Yesterday Scotland announced plans to introduce a deposit return scheme for bottles and cans.
The programme, which is based on schemes from Scandinavian countries, involves customers paying a fee of around 30p which is returned to them once they return the bottle or can to the shop.
The scheme aims to reduce the amount of cans and bottles in circulation by 39 million, leading to much less waste, and in turn mean cleaner coastlines.
Unhappy Irn Bru claim the scheme will cost £150 million extra per year
According to Zero waste Scotland, who’ve been consulting the Scottish government, the DRS scheme could save authorities £3M-£6M.
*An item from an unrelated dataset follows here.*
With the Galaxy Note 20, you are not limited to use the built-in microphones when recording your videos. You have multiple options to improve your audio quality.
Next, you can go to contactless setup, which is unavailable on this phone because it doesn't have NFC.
The system will also increase recycling, with drink containers expecting to jump from 50%- 90%, resulting in higher quality recycling material for Scottish companies, and more jobs.
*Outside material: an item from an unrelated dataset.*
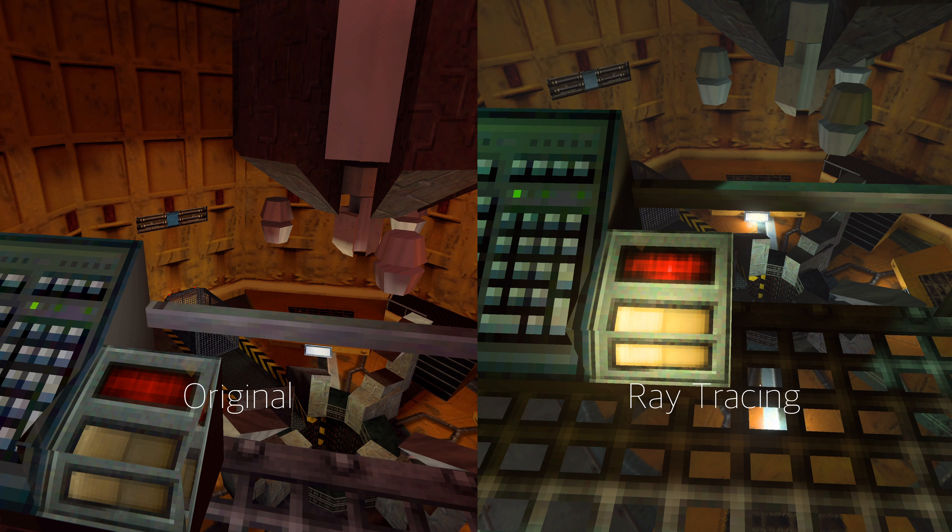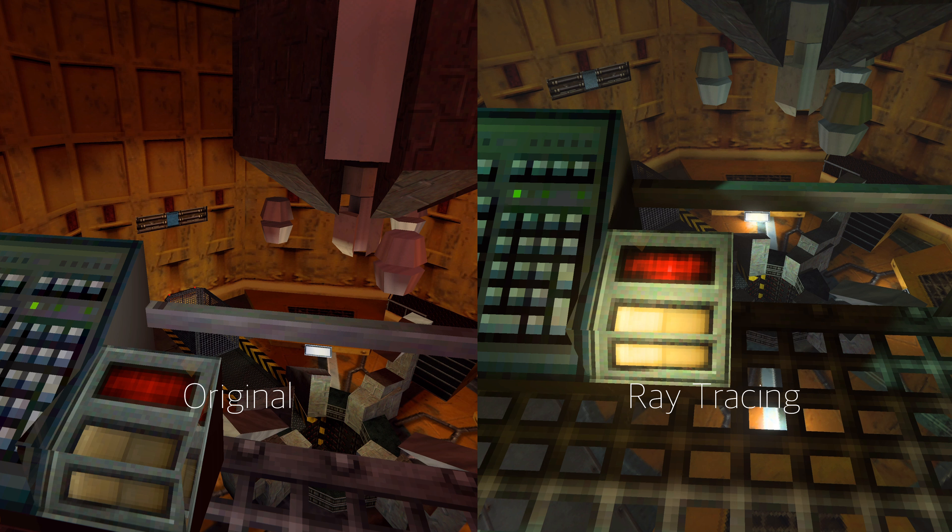All right, Gordon, your suit should keep you comfortable through all this. The specimen will be delivered to you in a few moments. If you would be so good as to climb up and start the rotors, we can bring the anti-mass spectrometer to 80% and hold it there until the carrier arrives.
For years surfers have been trying to decrease the amount of plastic in the ocean. Some core examples are Tim Nunn’s Plastic Project, Martin Dorey’s #2minutebeachclean and veteran campaigners SAS. Hopefully this scheme will be a step in the right direction for all their hard work!
However some drinking companies aren’t happy with the scheme. Ag Barr, the makers of Irn Bru, who put an end to their own DRS scheme a few years ago, told the Guardian that “the cost to the consumer would be in the region of £150 million extra per year”.
Another concern Ag Barr voiced was the potential for DRS fraud. There is potential for cross-border trafficking on deposit-bearing containers.
With one lorry able to carry £32,000 worth of crushed cans, and a £400 expense to move a lorry load of cans from England to Scotland, turns out one man’s trash really could be another man’s treasure!